**Task objective:** Write out each record exactly as it stands. No pictures belong in the copy.

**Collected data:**
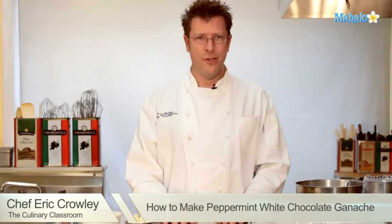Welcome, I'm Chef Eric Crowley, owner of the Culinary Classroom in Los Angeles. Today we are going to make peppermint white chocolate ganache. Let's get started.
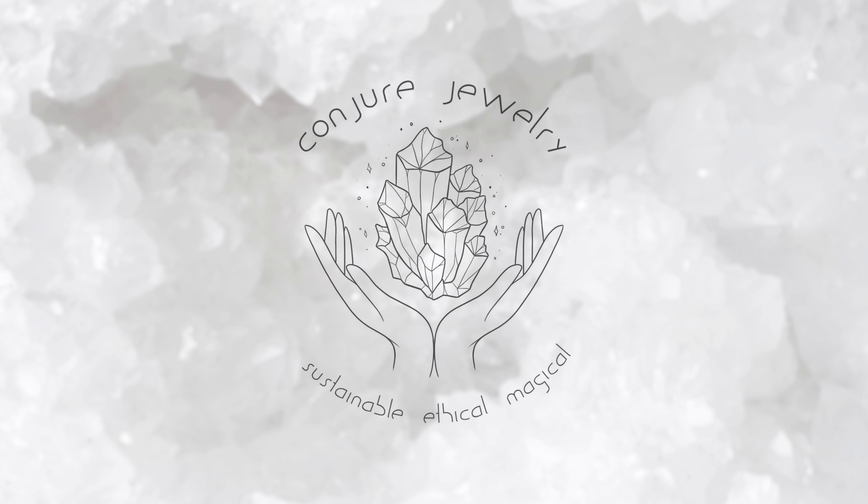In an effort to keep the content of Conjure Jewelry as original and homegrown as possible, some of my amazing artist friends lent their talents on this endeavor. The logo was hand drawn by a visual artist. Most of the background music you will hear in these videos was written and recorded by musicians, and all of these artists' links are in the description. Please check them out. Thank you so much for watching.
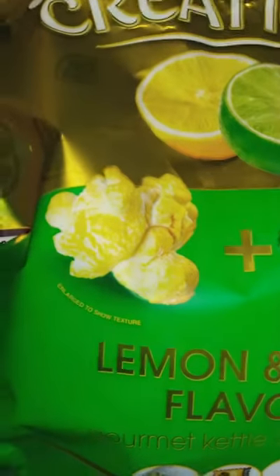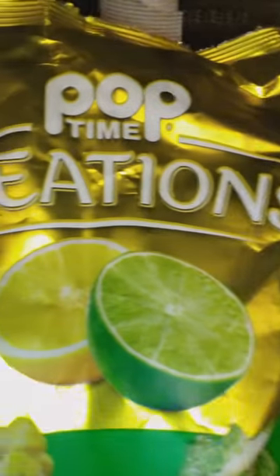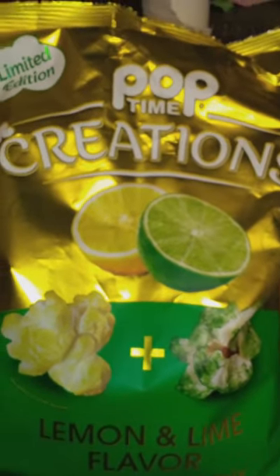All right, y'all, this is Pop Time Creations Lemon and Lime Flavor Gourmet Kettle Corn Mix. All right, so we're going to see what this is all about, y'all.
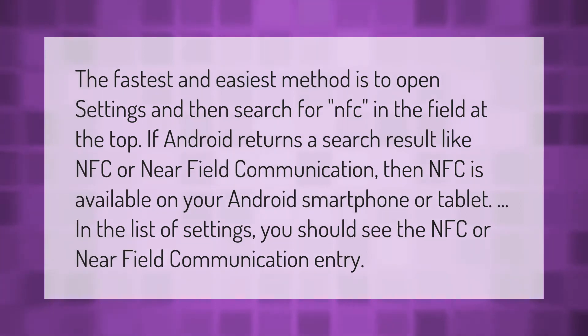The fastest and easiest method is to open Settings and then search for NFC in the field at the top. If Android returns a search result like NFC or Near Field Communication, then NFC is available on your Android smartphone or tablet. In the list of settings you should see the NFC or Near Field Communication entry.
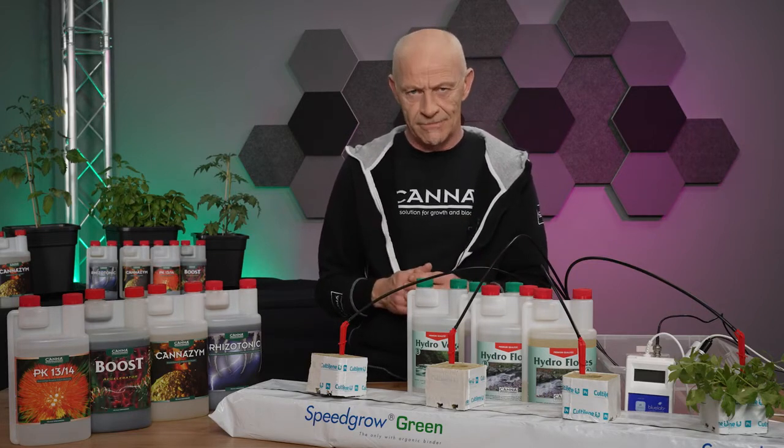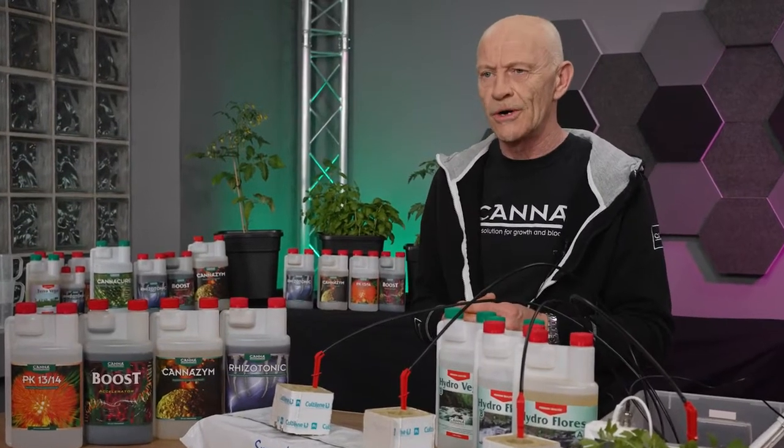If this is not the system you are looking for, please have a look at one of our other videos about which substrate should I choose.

**Answer area:**
Welcome, I'm Chef Eric Crowley, owner of the Culinary Classroom in Los Angeles. Today we are going to make peppermint white chocolate ganache. Let's get started.
In an effort to keep the content of Conjure Jewelry as original and homegrown as possible, some of my amazing artist friends lent their talents on this endeavor. The logo was hand drawn by a visual artist. Most of the background music you will hear in these videos was written and recorded by musicians, and all of these artists' links are in the description. Please check them out. Thank you so much for watching.
All right, y'all, this is Pop Time Creations Lemon and Lime Flavor Gourmet Kettle Corn Mix. All right, so we're going to see what this is all about, y'all.
The fastest and easiest method is to open Settings and then search for NFC in the field at the top. If Android returns a search result like NFC or Near Field Communication, then NFC is available on your Android smartphone or tablet. In the list of settings you should see the NFC or Near Field Communication entry.
If this is not the system you are looking for, please have a look at one of our other videos about which substrate should I choose.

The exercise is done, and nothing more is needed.